Ever since the beginning of this blog I have been coming up with monthly goals I want to accomplish. Unfortunately, I will not be accomplishing my goals for the month of October. This is a deliberate decision by me and I feel like I need to explain why. Let’s start from the beginning.
Stuck in a Rut
Since moving out of Seattle and to a more rural setting in December of 2016 I’ve been feeling very disconnected. Added to that is that I haven’t been able to go back to school for financial reasons which made me feel unproductive. Let’s not forget the stress of purchasing our first home and you have a mix of some pretty negative emotions.
All that has me feeling as if I’m not able to work towards my bigger life goals. Since the beginning of 2017, I’ve slowly been getting more depressed, anxious and unmotivated. I can’t say that I’ve hit rock bottom but as I approach my 30th birthday I’m realizing that I need to change.
With that in mind, I decided to be so bold as to add a self-help book to my birthday wish list. I decided that Adventures for Your Soul by Shannon Kaiser was the best book to start with. I was lucky enough that my sister got it for me as an early birthday present. As I began to read I quickly realized that I couldn’t answer the questions that Shannon Kaiser was presenting to me. I couldn’t answer them because I didn’t know what I wanted.

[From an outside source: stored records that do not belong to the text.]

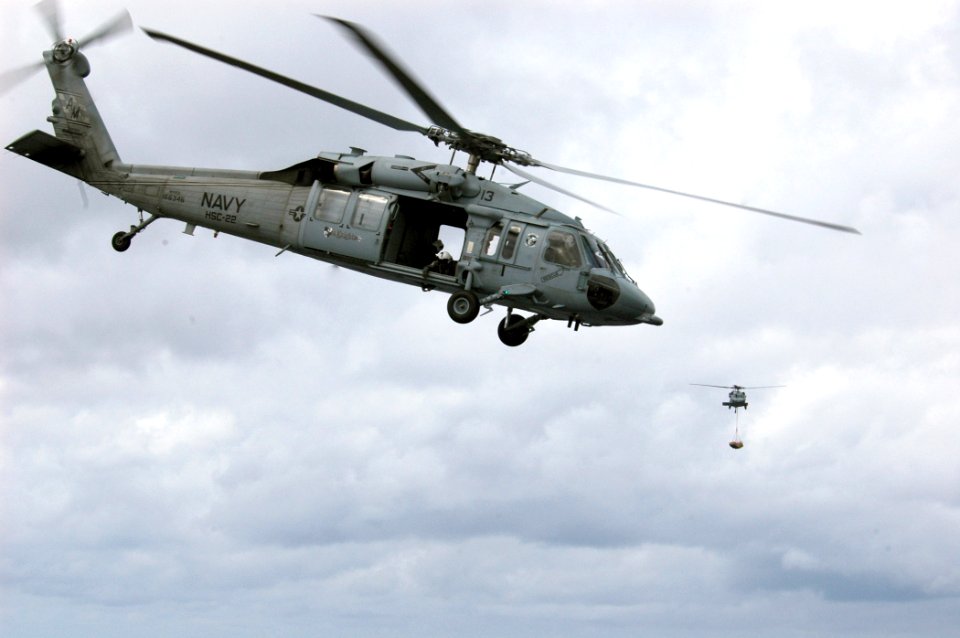 US Navy 070614-N-4014G-096 An MH-60S Seahawk helicopter departs the flight deck of amphibious assault ship USS Kearsarge (LHD 3) after dropping off a pallet of ammunition as a second moves to lower its load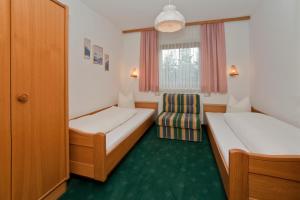 Postel nebo postele na pokoji v ubytování Pension Garni Appartement Ortner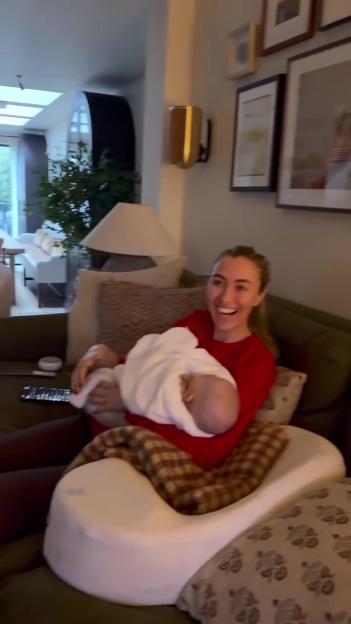 Sophie Habboo smiles while holding baby Ziggy.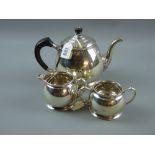 A three piece silver tea service, each piece of plain circular slightly tapered form, 24 ozs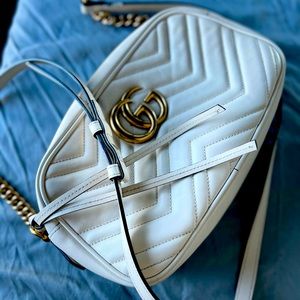 Light cream color Gucci bag with long strap.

Where do I want to live? What do I want to do with my life? What is holding me back? Am I a victim of other people’s poor decisions or a victim of my own insecurities? Where do I even begin?
The Desire Map
Figuring out what you want in life can happen in many different ways. For me, it was a book recommendation from a friend. She recommended The Desire Map by Danielle LaPorte. In The Desire Map LaPorte talks a lot about how we are setting our goals backward. People will set goals to make them feel a certain way while we should be deciding how we want to feel and then setting goals that help us obtain those feelings. Instead of setting a goal to exercise so we feel healthy, we should say to ourselves that we want to feel healthy and what can we do to help us feel that way.
My Goal Setting
Since I started setting goals on this blog I’ve done it with little to no thought. I would say that I want to make an exercise routine not because I particularly wanted to but because I felt like I should since I’ve gained weight. Or, I want to post a new blog post once a week when I know that I’m really not in a place to do that right now but I feel obligated to try or at least say that I will.
I don’t want to do that anymore. I want to make real progress in my life and not just pretend. That means I’m throwing out my October goals and spending November contemplating how I want to feel and then setting goals around those feelings. LaPorte says to pick 4 feelings and then build your goals off of those so that is what I’m going to try to do.
I’m still slowly working my way through The Desire Map so I won’t have any goals for November, sorry about that. I’m hoping after I’m done reading the book and finish the workbook section that I’ll have an update for you and some new goals.